World Rugby U20 Championship 2019: Scotland squad

Yesterday we looked at the World Rugby U20 Championship tournament as a whole and now here’s a more detailed rundown on Scotland and the players who will need to perform to ensure success.

Carl Hogg will be the under 20s third head coach in as many years, following on from Bryan Redpath, who was in charge for the 2018 tournament, and John Dalziel who lead Scotland to 5th place in 2017. Hogg has by and large kept faith with the group that he guided through the U20 Six Nations – although injuries have deprived him of a handful of players.

  • Jack Hill, Rory Jackson, Tom Marshall, Lomond McPherson and Mak Wilson could all make their debuts at this level.
  • Rory Darge, Angus Fraser, Sam Grahamslaw, Charlie Jupp, Rufus McLean, Jack Mann and Finlay Scott might have been involved in the squad but for injury.

The Squad

Props
Will Hurd (Cardiff Metropolitan University), Euan McLaren (Ayr), Andrew Nimmo (Glasgow Hawks), Murphy Walker (Stirling County), Mak Wilson (Melrose)

Hookers
Ewan Ashman (Sale Academy), Rory Jackson (Edinburgh Accies)

Locks
Cameron Henderson (Stirling County), Ewan Johnson (Racing 92 Academy), Marshall Sykes (Ayr)

Back Rows
Connor Boyle (Watsonians), Ross Bundy (Stirling County), Jack Hill (Durham University), Teddy Leatherbarrow (Sale Academy), Tom Marshall (Newcastle Academy), Kwagga van Niekirk (Golden Lions)

Scrum Halves
Roan Frostwick (Currie Chieftains), Murray Scott (Watsonians)

Stand Offs
Nathan Chamberlain (Bristol Academy), Ross Thompson (Glasgow Hawks)

Centres
Cameron Anderson (Wasps Academy),  Grant Hughes (Stirling County), Robbie McCallum (Complutense Cisneros), Ollie Smith (Ayr)

Back 3
Jack Blain (Heriot’s), Matt Davidson (London Scottish), Rory McMichael (Heriot’s), Lomond McPherson (Watsonians)

Analysis

  • The current squad have 126 previous caps for the Under 20s (last year: 94).
  • They average 4 (last year: 3) previous appearances each in the forwards and 5 (last year: 4) in the backs.
  • 4 players featured in the last U20s World Championship – which equals the lowest number of returning players ever for Scotland.
  • Forwards Ewan Johnson, Marshall Sykes and Murphy Walker along with stand off Ross Thompson combined for 9 starts and 7 sub appearances during the 2018 tournament.
  • Jack Blain’s 80 minutes for Edinburgh away to Benetton is the sum total of this group’s experience of Europe’s top leagues.
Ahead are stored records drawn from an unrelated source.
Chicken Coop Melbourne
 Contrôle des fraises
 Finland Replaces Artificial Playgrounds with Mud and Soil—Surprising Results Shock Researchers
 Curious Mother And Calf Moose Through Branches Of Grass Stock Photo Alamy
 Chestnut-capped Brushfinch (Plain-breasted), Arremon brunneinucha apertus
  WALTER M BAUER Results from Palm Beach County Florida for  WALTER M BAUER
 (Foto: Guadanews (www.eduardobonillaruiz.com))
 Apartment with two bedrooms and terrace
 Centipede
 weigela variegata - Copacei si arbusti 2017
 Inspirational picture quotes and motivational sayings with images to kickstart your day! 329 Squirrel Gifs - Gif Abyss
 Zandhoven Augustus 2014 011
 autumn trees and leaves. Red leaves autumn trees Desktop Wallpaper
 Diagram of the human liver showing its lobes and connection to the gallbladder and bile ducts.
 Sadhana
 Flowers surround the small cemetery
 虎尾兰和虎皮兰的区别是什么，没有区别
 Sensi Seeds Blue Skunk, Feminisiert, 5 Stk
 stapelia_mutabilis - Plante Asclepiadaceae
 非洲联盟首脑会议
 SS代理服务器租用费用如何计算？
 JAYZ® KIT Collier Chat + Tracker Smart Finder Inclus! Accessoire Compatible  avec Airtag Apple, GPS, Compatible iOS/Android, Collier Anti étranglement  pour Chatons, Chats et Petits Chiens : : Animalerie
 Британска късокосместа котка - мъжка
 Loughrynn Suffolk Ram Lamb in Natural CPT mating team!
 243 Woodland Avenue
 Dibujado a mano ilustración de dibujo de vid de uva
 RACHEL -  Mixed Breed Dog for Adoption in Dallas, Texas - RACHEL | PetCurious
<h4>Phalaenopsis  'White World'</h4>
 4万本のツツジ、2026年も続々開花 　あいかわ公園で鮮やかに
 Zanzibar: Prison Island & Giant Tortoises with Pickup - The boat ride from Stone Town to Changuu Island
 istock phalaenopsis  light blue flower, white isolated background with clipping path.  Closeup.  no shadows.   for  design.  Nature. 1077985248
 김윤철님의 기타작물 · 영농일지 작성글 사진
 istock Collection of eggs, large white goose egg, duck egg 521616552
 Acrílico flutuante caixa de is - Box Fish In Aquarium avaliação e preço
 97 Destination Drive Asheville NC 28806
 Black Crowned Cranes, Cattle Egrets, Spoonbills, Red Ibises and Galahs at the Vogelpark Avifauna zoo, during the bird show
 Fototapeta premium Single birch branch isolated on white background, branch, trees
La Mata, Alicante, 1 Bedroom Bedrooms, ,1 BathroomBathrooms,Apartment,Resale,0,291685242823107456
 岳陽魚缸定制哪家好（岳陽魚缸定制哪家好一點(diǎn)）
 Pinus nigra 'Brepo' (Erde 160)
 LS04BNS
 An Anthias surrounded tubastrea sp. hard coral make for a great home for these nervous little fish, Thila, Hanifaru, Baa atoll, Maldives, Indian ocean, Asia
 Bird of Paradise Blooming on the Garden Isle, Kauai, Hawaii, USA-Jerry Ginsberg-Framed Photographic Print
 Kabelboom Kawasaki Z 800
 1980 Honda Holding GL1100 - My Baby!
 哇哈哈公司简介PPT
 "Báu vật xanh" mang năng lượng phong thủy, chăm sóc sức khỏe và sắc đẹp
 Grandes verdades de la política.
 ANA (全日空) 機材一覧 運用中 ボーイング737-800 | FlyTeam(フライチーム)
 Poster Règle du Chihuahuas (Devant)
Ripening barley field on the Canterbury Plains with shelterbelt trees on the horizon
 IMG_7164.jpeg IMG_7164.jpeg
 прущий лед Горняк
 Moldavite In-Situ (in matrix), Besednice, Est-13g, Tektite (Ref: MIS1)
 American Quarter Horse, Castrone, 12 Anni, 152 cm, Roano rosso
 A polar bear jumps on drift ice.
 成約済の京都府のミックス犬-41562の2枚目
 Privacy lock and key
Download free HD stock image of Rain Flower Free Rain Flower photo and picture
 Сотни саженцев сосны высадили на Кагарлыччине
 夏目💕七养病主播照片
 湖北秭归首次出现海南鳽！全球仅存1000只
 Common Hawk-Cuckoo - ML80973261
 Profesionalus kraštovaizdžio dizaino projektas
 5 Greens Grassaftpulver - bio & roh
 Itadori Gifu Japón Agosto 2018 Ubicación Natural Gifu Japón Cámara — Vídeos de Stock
Compare and contrast with the 2017 and 2016 squads which each had 5 players who had debuted at that level by the time those tournaments commenced.
  • As things stand none of the squad currently have a full-time professional contract with a top tier team for next season. There have been some pretty strong rumours though that Matt Davidson is on his way from London Scottish to Glasgow Warriors as a medium to long-term replacement for Stuart Hogg.
  • 12 members of the squad will still be eligible for the U20s next season. Add in Rory Darge (who played in the 2017 tournament); Rufus McLean (who played in this season’s U20 Six Nations); and Jamie Dobie (who will be on a full-time contract with Glasgow in 2019/20) and Scotland could send one of their most experienced squads ever to the 2020 Championship. The goal for this year’s crop is to avoid relegation so that when these guys return in 12 months it’s to the top tier tournament and not the second division World Rugby U20 Trophy.

One to watch – forwards

Murphy Walker

Position – Prop
Previous caps – 14
Pro team – Glasgow Warriors through the Scottish Rugby Academy (no first team appearances yet)
Key strength – Primarily a tighthead, Murphy has been able to slide over to play loosehead for both Scotland U20 and Stirling County. He hasn’t looked out of place on either side of the scrum and will continue to develop as he matures.
Useless trivia – He played more club games last season than any of Glasgow’s other SRA stage 3 players.
He’s like a young…??? Given his switching back and forth between TH and LH prop it’s a tough one to call at this stage. He’s likely to fit in again at loosehead for this tournament so that the young Scots can get their two strongest props on the pitch (Murphy and Euan McLaren). Once he settles into a role it will be easier to gauge where he’s going. There is maybe a bit of the Zander Fagersons about him (although not quite so precocious) and he definitely won’t take a step back when it comes to the physical stuff.

One to watch – backs

Jack Blain

Position – Wing
Previous caps – 5
Pro team – Edinburgh through the Scottish Rugby Academy (1 appearance)
Key strength – He’s big – a rare commodity among Scottish backs until recently. Like Stafford McDowall last year the power Jack will offer in the backline will provide different options for Scotland. Also like Stafford before him there’s much more to Jack’s game than just size – he is fast and skillful as well.
Useless trivia – The first player born after 1st January 2000 to play for either Edinburgh or Glasgow. Could he become the first noughties full Scotland cap as well?.
He’s like a young… ??? A quick skim through Scotland’s wingers from the professional era doesn’t bring up too many like young Blain. The only taller wing would be Edinburgh teammate Blair Kinghorn who has shifted from his more usual full back berth on a reasonably regular basis for Scotland. Jack is a more powerful and aggressive player, more often using his size in a way that the sylphlike Blair will not. A fairly unique prospect then and one who could go a very long way in Scottish rugby.

The first matchday squad

Here’s the team Carl Hogg has selected for the opening game against South Africa. There are just 3 changes from the XV that faced England in the final round of the U20 Six Nations.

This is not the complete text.